- Location in Goa, India Marra, Goa (India)
- Coordinates: 15°31′53″N 73°49′13″E﻿ / ﻿15.53139°N 73.82028°E
- Country: India
- State: Goa
- District: North Goa
- Taluka: Bardez

Government
- • Type: Panchayat

Languages
- • Official: Konkani
- Time zone: UTC+5:30 (IST)
- Vehicle registration: GA 03
- Nearest city: Mapusa
- Lok Sabha constituency: North Goa
- Website: goa.gov.in

= Marra, Goa =

Marra is a small village in North Goa's Bardez sub-district
or taluka. It falls in the Assembly constituency of Saligao.
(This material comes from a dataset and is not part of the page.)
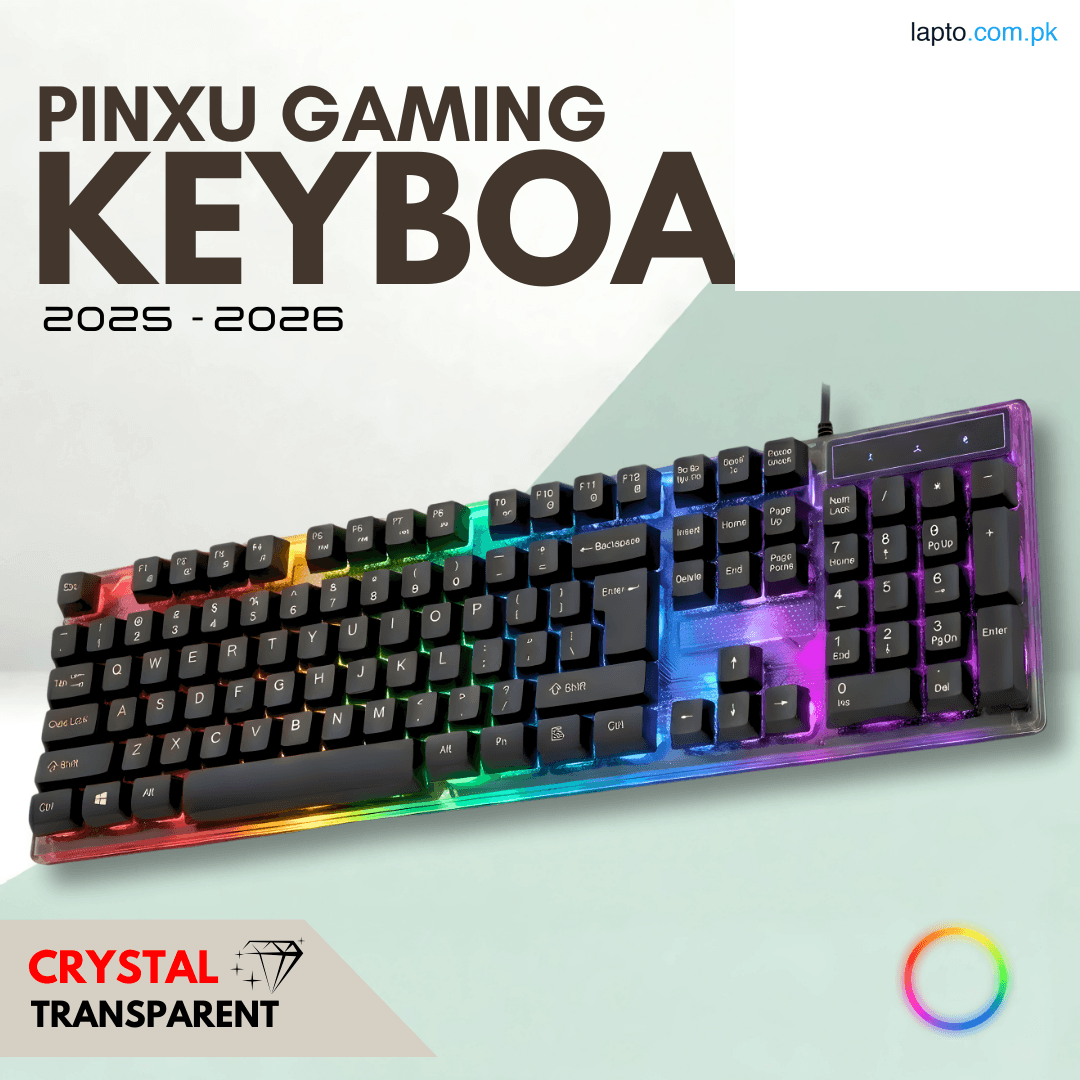 RGB Gaming Keyboard for PC & Laptop | Mechanical Feel Keys with Anti-Ghosting | Ergonomic Spill-Resistant Design | Fast Response USB Wired Keyboard | Quiet Typing | Compatible with Windows & Mac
It is
surrounded by the areas of Candolim and Pilerne, among others.

==Area, population==
According to the 2011 Census, Marra has an area of 326.56 hectares, and a population of 516 households comprising 1,988 persons. Of these 1,029 are male and 959 are female. Children up to six years of age comprise 189 persons in this locality, of whom 99 are male and 90, female.

==Clean village==
In December 2018, Pilerne-Marra village panchayat won the clean village award for North Goa.

==Panchayat==
The local panchayat (village authority) in Marra is jointly run with neighbouring Pilerne. It has a presence on Facebook.

==Local groups==
Local activist groups in the area include the Pilerne Citizens' Forum, which has raised issues of local governance and fairness of decision-making. Given the area's proximity to the fast-urbanising area of Porvorim, many land-related debates have come up in the region.